Greyson had a reevaluation in late November for his early intervention services and it was reported that he is functioning at the level of a ten-month-old baby. Imagine having a ten-month-old baby that is mobile….and has just about all of his teeth. Yikes.
It was recommended that we continue his current services until the spring, when we will begin the transition into the IU-13 preschool, particularly the Verbal Behavior (VB) classroom. We were also seen for a post-EEG appointment with Dr. Stein (the local neurologist), and he increased Greyson’s meds and added Cipro, an antihistamine proven to reduce migraine headaches. Until recently, I felt as though the medications prescribed were really helping. Now I can’t tell if the meds need adjusted again or if Greyson is just being difficult in general. Even as I write this, he has just been given his meds and a dose of melatonin. He put Derek and I through a hunger strike due to (what we think) is a sensory issue and has had a regression in his sleep. Greyson not sleeping means us not sleeping.
We saw Dr. Comi in November, which prompted an appointment with a neurogenetic specialist. We had this appointment today in Baltimore at the Kennedy Krieger Institute. After going over family history, questions and concerns, Derek and I had a DNA sample taken via two cheek swabs. Greyson had blood drawn to compare and contrast the chromosomal makeup and genetic map for some more possible answers into his brain issues.
Currently the things we DO know are:
1. Greyson has autism
2. Greyson is currently characterized as being “nonverbal”

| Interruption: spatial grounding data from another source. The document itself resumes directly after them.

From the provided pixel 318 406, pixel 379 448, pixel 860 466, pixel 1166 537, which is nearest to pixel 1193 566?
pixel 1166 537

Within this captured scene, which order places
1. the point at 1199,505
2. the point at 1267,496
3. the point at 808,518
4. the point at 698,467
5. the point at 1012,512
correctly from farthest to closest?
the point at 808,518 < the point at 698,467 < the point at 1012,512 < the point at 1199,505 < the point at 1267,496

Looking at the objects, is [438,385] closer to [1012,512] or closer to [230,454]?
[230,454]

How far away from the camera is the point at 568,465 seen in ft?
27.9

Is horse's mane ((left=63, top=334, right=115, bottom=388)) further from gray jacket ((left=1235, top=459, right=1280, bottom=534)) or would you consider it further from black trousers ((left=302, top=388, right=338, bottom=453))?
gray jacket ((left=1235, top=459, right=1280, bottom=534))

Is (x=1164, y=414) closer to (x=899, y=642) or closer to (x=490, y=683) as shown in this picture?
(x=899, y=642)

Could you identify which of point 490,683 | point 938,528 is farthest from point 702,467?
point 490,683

3. He has a white matter brain disease
4. He has epilepsy, primarily impacting him while he’s asleep
5. His previous genetic testing (snippet array) showed no abnormalities, but the testing was part of a research study and may not be totally accurate
6. He tested negative for fragile X syndrome
Things we still do not know, but are hoping to have answers to are:
1. What is the underlying cause of Greyson’s autism
2. What are the chances of him being verbal someday
3. What caused the brain disease
4. How do we cure the brain disease
5. What can we do now to help Greyson in the future
We have been searching for the answers to our questions for 407 days and unfortunately do not see them being answered for awhile yet. We have therapies and services in place for G and we have seen him grow a bit since starting them last year, but I still can’t help but feel as though we are still missing something.

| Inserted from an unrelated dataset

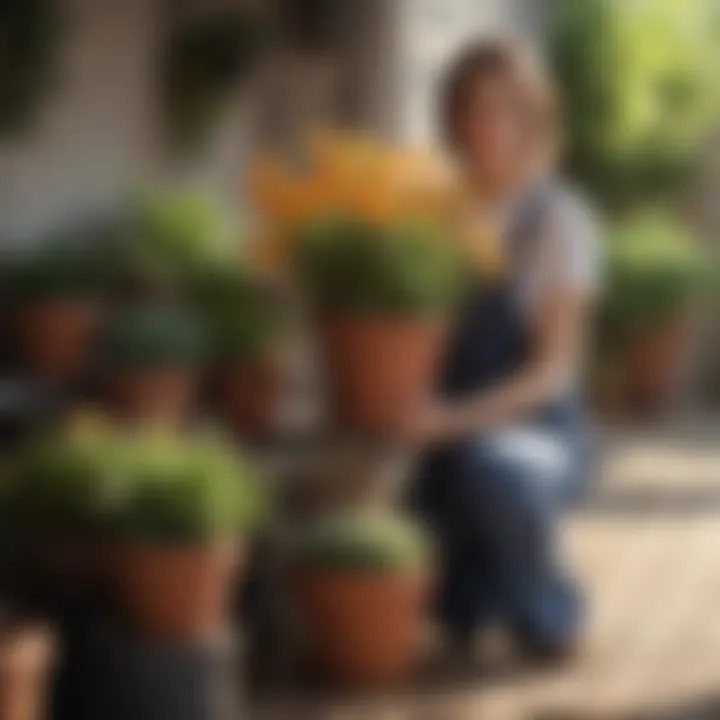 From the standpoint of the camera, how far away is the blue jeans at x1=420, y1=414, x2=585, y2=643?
245cm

My first question to the genetic specialist was “what will this testing show us that we don’t already know? And how will it impact us as a family?” Of course every case is different, but currently there is a 40% chance of the lab finding an issue with Greyson’s genes. If they would find something, Roslynn potentially would be tested as well to see if she inherited anything from Derek or I. Still, that means that there are still more cases in which the doctors don’t find anything, opposed to when they do find something. Makes being optimistic kinda hard, though we will go through with the testing. Derek and I have both discussed this and have agreed that this will be the last round of genetic testing that we will put G and ourselves through. If the results are inconclusive, we will wait a few years and proceed with finding answers.
We also realized that we may never have the answers to our questions. We may never know why Greyson has so many delays and abnormal MRIs and EEGs. Though we would love to have answers so we can better prepare him and ourselves for his future, realistically we must realize that it could potentially never happen. For now, my New Year’s resolution is to stop living in the past and to stop dwelling on our future. There is nothing we could or would have done differently during pregnancy that would have changed the outcomes and we don’t know what the future holds. We don’t know what medicine and science will look like tomorrow, let alone 10+ years from now, so we must stop dreading it and hiding Greyson from the world.
So, as we close another year, perhaps the most difficult year of my 29 years thus far, we will not look at this time and wish we could change the past. We will live for today and celebrate the little things in life, especially Greyson’s smallest successes.
Ps- Derek might kill me for posting this, but look how happy G looks. Melts my ❤️.